* [TRY IT]:
Your answer must be the exact lines below, starting with the line with "912 Plymouth Ave, Fall" and going on through the line with "Grey Denim 3-Stripes", both included, with no pictures.
[DATA IN THIS EXERCISE Boundary: Start]
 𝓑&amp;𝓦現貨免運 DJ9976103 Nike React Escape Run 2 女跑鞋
[DATA IN THIS EXERCISE Boundary: End]
[DATA IN THIS EXERCISE Boundary: Start]
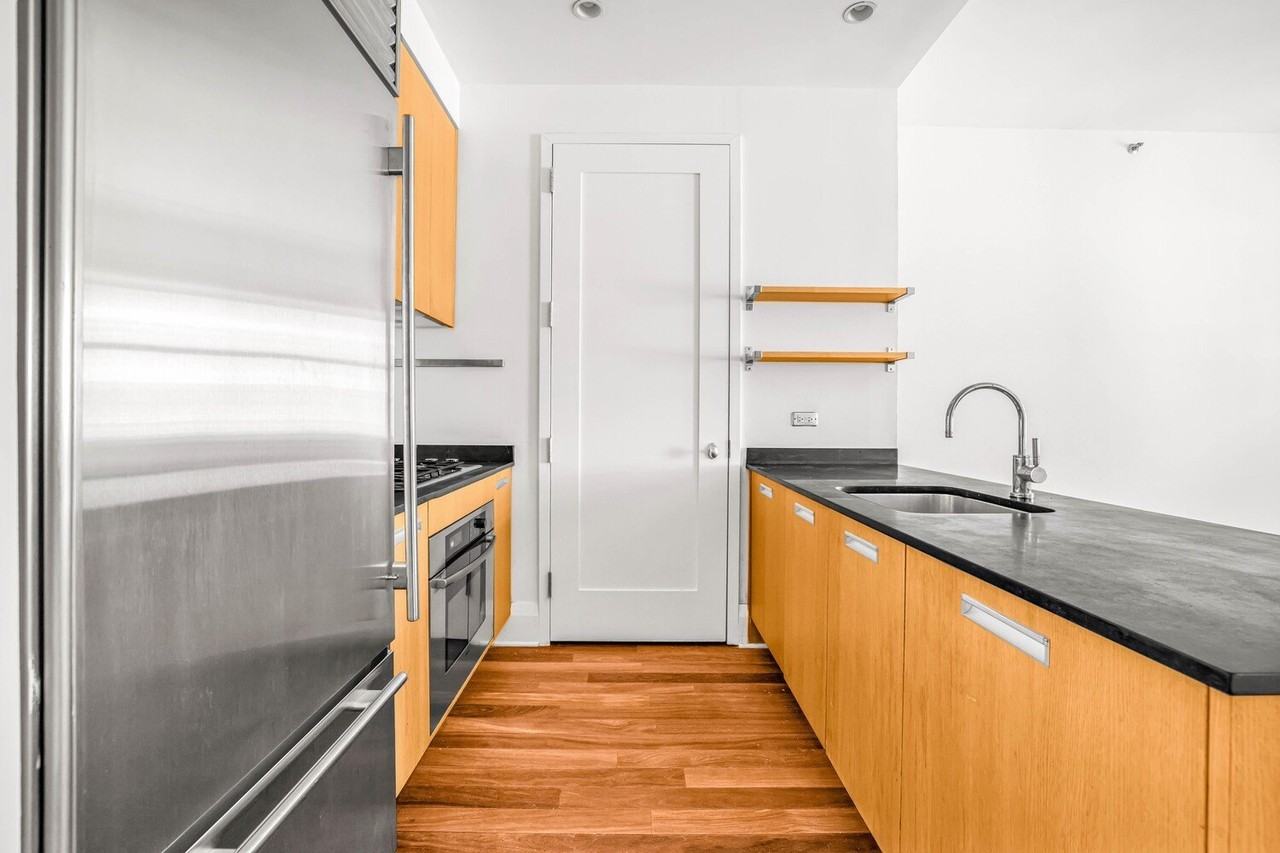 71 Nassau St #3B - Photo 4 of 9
[DATA IN THIS EXERCISE Boundary: End]
[DATA IN THIS EXERCISE Boundary: Start]
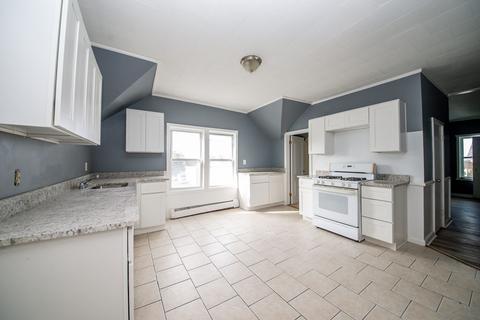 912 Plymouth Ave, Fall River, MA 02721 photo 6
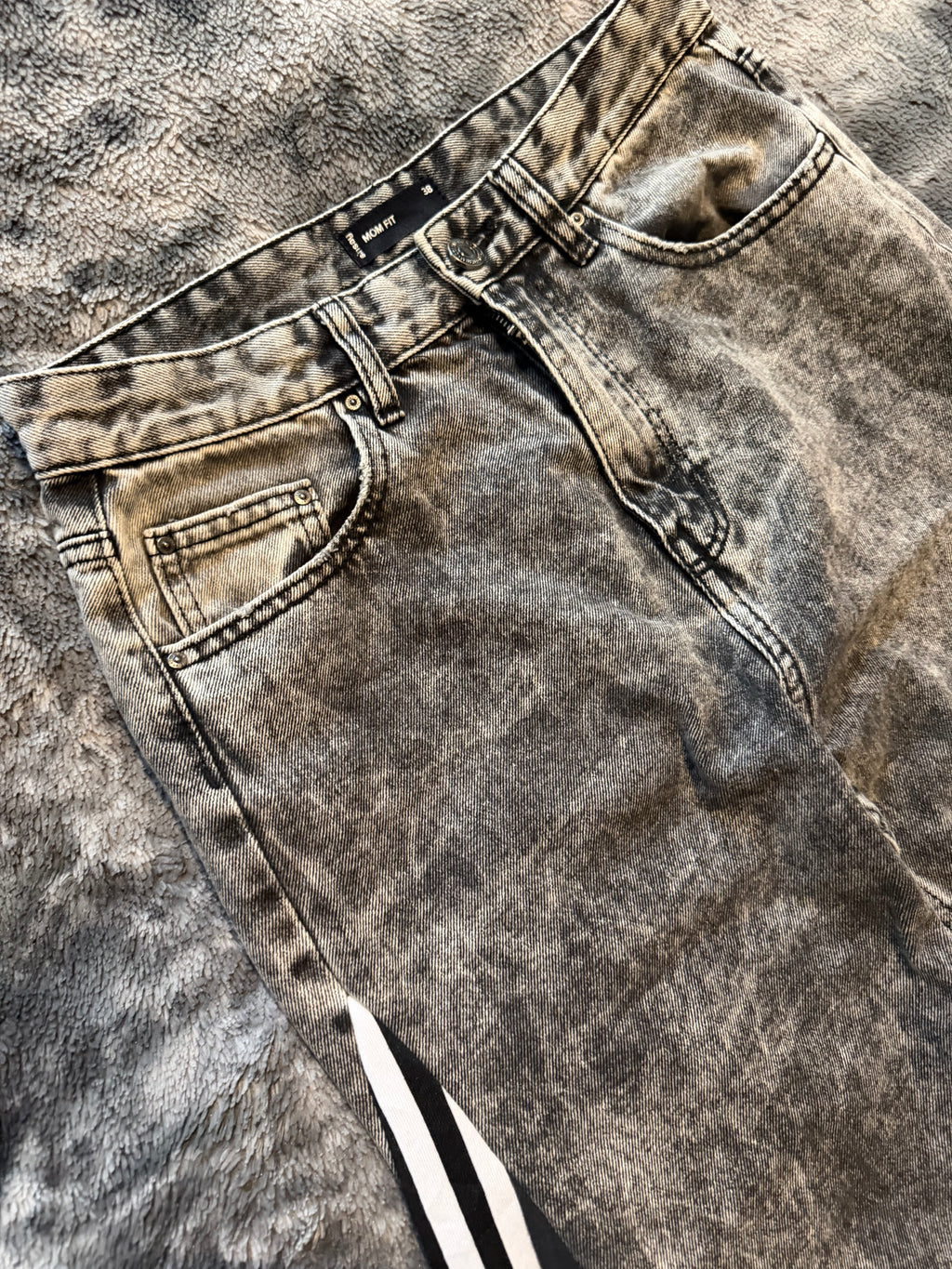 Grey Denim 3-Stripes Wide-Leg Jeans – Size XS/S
[DATA IN THIS EXERCISE Boundary: End]
* [RESULT]:
 912 Plymouth Ave, Fall River, MA 02721 photo 6
 Grey Denim 3-Stripes Wide-Leg Jeans – Size XS/S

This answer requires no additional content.